● **WHAT YOU HAVE TO DO**
Print the first line of the records below and every line after it, up to and including the line with "1007 Meander Lane". Print nothing else.

# # # # #

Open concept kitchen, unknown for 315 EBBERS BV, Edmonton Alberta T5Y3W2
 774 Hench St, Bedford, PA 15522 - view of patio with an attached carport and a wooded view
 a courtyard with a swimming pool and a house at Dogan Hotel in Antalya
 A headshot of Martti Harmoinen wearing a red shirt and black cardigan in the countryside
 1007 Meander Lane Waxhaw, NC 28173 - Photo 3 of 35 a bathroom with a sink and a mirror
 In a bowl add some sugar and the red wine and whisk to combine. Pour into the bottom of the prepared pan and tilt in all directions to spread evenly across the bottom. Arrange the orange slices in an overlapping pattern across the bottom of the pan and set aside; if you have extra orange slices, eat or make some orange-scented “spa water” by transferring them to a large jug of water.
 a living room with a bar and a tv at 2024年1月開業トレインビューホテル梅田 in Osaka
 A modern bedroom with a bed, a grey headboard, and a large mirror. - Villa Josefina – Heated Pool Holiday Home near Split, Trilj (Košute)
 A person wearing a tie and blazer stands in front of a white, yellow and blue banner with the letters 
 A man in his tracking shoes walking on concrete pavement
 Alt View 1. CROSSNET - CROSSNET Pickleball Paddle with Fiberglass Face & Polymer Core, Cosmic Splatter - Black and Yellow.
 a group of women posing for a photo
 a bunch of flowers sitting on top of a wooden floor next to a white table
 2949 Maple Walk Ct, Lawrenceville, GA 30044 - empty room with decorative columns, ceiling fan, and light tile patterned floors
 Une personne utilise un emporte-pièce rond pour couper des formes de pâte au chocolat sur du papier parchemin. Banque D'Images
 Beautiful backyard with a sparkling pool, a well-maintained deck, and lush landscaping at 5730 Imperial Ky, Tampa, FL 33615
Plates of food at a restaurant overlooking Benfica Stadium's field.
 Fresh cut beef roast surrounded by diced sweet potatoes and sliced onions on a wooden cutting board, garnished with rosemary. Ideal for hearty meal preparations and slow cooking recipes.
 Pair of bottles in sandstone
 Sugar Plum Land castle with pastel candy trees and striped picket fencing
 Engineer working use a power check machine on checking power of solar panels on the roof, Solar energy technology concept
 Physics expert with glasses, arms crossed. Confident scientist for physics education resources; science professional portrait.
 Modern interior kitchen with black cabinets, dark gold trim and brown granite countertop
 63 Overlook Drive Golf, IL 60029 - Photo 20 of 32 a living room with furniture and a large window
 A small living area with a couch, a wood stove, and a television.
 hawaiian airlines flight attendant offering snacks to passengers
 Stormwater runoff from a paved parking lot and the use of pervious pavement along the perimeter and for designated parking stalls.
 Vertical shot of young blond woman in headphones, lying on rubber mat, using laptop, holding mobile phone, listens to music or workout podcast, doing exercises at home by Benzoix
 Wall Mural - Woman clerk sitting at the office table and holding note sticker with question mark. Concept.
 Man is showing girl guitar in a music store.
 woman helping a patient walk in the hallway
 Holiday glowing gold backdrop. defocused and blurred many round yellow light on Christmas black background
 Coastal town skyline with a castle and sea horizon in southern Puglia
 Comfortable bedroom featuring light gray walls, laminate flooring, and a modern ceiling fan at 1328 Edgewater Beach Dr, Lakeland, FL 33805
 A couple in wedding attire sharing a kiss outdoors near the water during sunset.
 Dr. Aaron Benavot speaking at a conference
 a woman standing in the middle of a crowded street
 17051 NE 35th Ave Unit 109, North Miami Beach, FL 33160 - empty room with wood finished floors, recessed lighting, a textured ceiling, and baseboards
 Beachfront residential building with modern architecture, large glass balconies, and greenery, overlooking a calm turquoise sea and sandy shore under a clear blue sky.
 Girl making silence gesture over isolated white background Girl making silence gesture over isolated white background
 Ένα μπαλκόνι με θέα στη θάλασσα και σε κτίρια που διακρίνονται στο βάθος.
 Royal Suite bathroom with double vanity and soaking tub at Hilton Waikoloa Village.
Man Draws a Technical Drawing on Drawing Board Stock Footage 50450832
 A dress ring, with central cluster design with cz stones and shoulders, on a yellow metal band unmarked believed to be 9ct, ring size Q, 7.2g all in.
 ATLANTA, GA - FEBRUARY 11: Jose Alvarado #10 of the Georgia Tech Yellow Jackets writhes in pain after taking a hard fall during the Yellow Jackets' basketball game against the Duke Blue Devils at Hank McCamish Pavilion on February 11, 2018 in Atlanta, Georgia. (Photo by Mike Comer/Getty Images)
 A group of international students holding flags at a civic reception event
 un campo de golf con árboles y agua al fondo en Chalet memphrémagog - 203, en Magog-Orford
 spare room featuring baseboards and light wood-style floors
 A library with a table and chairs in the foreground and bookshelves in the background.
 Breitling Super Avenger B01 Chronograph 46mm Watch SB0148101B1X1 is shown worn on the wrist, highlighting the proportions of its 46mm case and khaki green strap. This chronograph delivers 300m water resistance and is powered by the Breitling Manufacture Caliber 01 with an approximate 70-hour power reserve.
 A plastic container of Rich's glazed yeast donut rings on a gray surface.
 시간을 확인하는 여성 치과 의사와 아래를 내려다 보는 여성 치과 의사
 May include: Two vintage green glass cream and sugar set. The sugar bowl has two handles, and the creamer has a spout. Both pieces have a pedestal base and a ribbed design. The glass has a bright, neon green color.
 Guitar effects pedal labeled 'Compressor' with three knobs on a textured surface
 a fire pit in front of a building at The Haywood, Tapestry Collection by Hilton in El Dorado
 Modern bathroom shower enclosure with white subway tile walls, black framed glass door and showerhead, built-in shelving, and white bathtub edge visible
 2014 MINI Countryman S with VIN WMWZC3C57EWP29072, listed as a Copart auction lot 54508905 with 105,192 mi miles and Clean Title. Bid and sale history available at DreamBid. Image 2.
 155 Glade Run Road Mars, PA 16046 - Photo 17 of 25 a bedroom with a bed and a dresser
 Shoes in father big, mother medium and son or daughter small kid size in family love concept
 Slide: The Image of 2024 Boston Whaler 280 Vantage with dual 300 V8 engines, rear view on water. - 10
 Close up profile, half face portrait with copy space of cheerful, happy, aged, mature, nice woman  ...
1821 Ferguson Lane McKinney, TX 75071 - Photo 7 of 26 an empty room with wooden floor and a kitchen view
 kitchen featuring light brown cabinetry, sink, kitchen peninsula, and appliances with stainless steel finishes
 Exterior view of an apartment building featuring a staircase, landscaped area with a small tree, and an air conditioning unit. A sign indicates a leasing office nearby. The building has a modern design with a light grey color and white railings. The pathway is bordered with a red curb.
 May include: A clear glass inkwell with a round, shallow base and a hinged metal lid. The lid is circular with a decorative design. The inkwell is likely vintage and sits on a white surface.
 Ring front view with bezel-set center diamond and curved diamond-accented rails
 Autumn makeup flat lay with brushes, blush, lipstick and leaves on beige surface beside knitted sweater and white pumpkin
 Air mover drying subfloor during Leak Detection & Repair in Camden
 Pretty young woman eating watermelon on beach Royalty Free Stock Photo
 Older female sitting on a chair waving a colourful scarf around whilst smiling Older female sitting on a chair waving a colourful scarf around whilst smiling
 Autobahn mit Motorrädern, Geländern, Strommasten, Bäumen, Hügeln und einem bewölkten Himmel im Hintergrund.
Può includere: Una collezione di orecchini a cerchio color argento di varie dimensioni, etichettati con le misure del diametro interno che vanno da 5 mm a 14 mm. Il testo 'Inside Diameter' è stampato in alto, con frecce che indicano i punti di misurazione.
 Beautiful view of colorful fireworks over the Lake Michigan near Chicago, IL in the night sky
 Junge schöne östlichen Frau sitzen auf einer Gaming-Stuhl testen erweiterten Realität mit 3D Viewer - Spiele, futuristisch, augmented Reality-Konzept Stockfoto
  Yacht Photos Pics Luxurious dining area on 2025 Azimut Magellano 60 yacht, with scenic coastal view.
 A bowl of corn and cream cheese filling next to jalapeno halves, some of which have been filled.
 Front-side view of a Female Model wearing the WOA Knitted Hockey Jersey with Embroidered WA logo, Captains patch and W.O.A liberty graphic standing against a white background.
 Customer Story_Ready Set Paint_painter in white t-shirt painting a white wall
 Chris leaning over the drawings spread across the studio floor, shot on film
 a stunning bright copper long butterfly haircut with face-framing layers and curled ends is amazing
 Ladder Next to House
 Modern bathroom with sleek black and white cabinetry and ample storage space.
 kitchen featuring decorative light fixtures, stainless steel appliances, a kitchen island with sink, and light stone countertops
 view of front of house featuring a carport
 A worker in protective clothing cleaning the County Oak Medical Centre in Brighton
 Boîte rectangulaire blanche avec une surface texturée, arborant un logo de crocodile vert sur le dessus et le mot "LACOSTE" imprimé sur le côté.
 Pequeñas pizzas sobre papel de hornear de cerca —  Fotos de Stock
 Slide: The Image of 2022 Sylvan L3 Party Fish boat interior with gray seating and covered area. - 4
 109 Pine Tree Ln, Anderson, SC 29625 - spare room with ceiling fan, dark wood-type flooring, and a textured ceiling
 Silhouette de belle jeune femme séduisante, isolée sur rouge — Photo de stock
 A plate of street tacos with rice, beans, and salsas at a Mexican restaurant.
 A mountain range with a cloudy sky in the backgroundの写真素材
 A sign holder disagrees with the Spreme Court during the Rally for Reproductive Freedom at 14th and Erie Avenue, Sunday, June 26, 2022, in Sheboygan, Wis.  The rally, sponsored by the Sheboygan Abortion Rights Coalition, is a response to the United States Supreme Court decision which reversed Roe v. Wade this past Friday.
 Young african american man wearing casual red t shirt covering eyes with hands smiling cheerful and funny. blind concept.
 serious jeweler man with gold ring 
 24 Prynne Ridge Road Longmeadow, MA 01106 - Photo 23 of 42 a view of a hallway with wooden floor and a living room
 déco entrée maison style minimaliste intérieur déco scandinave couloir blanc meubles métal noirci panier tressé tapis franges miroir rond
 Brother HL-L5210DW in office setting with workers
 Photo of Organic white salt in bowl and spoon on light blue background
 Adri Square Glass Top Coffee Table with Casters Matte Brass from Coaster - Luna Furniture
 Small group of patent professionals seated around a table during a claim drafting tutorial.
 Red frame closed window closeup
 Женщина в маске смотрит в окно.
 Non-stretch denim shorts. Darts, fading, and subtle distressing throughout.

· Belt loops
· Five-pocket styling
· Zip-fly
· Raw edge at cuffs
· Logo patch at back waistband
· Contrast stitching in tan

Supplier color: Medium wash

# # # # #

● **EXPECTED OUTPUT**
Open concept kitchen, unknown for 315 EBBERS BV, Edmonton Alberta T5Y3W2
 774 Hench St, Bedford, PA 15522 - view of patio with an attached carport and a wooded view
 a courtyard with a swimming pool and a house at Dogan Hotel in Antalya
 A headshot of Martti Harmoinen wearing a red shirt and black cardigan in the countryside
 1007 Meander Lane Waxhaw, NC 28173 - Photo 3 of 35 a bathroom with a sink and a mirror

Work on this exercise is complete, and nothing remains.